I’m going to get in trouble for this one but to quote a famous animated sailor, “That’s all I can stands. I can’t stands no more.”

Last Friday night in the Lone Star State, the Aledo Bearcats squeaked past the Western Hills Cougars by a score of 91-0. You read that correctly, ninety-one to nothing. Zero. Nada. Zilch.


Are you kidding me?

The coach ought to be ashamed of himself for running up the score on the helpless Cougars, right? Well, to quote a college football icon, “Not so fast, my friend.”

Did you know Lee Corso was roommates at Florida State with football player, actor, and bandit Burt Reynolds?

Did you know Lee Corso was roommates at Florida State with football player, actor, and bandit Burt Reynolds?

It’s easy to look at the score and assume that the Bearcats displayed poor sportsmanship, but we all know what assuming does.

Apparently Aledo’s Head Coach, Tim Buchanan, called off the dogs early. He began substituting players in the first quarter, let the clock run continuously, and instructed his players to call fair catches after back to back punt returns. By the end of the game, every player on the roster had seen playing time.

They only threw the ball 10 times the entire game and nine different running backs carried the ball an average of 2.6 times apiece.

Should the coaches have told the players not to run hard? Absolutely not! That’s when injuries happen. Should the coaches have told the players to take a knee? Heck no! The Bearcats ran the ball, and the Cougars couldn’t tackle them. It’s as simple as that. Should the coaches have told the defense to let the opposing team score? No way! That’s insane. Should they have turned the ball over purposely? No coach would ever do that, right?

Coach Buchanan did everything he could think of not to score.

One of the parents of the defeated Cougars filed an official complaint of bullying against the entire Bearcat coaching staff.

Are you kidding me?

Western Hills Coach John Naylor said he disagrees with the allegations that his team was bullied.

“I think the game was handled fine,” Western Hills coach John Naylor said. “They’re No. 1 for a reason, and I know Coach Buchanan. We’re fighting a real uphill battle right now.

“We just ran into a buzz saw, you know,” Naylor said. “Aledo just plays hard. And they’re good sports, and they don’t talk at all. They get after it, and that’s the way football is supposed to be played in Texas.”

The parent set a poor example for his child, even if his heart was in the right place. Some people react emotionally, whereas logical thinking folks react, well, logically.

If he doesn’t want him to lose or to experience the agony of defeat, he needs to withdraw his child from the team, from school, and from life. Perhaps he could live in his parents’ basement for the rest of his life. He’ll be safe there.

This guy is likely so sensitive he goes around crying wolf or cougar or bearcat, oh my!

In life there are winners and losers. It’s as simple as that. Most winners have lost in various aspects of life but learned from their failures and became successful down the road.

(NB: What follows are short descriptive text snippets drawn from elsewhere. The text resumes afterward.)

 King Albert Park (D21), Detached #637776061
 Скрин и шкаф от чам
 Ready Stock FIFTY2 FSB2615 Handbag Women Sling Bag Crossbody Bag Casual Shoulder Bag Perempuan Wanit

Last year, Auburn was 3-9 and suffered a humiliating loss to Texas A & M who put 63 points on the board against the defenseless Tigers. Last Saturday, Auburn avenged that embarrassing loss and defeated the seventh ranked Aggies, on the Aggies’ home field no less and now stand at 6-1 on the season.

The thrill of victory after avenging the previous  year's shellacking!

The thrill of victory after avenging the previous year’s shellacking!

In a California youth football league, there is a mercy rule. If a team wins a game by more than 35 points, the coach faces a $200 fine and possible suspension.


One of the coaches says that he agrees with the league’s enforcement of the penalties and has in the past instructed one of his players to purposely turn over the ball.

Read about California’s “Mercy Rule” here

Are you kidding me?

Ending the game prematurely when the game is out of reach is one thing but purposely not playing hard and giving the ball away is asinine and benefits no one.

We want our children to be resilient; however, we protect them from experiencing situations that build resilience. Negotiating adversity is a part of life and builds character and resilience. In other words, to an extent, it is a good thing.

I think we are setting our children up for failure.

In youth sports leagues across the country, every kid gets a trophy. It doesn’t matter if they lose 91-0; they still get one.

That’s not reality. In reality, it’s ridiculous and detrimental to their reality.

Come back next week for part two as my rant continues and delves into how the anti-bullying campaign, like many other well-intentioned programs, has gotten completely out of hand.

Update: A Texas youth football league is making a change. Organizers say they will no longer handout trophies to every child who plays. Click here to read more.

Jody Fuller is a comic, speaker, writer and soldier. He can be reached at jody@jodyfuller.com. For more information, please visit http://www.jodyfuller.com.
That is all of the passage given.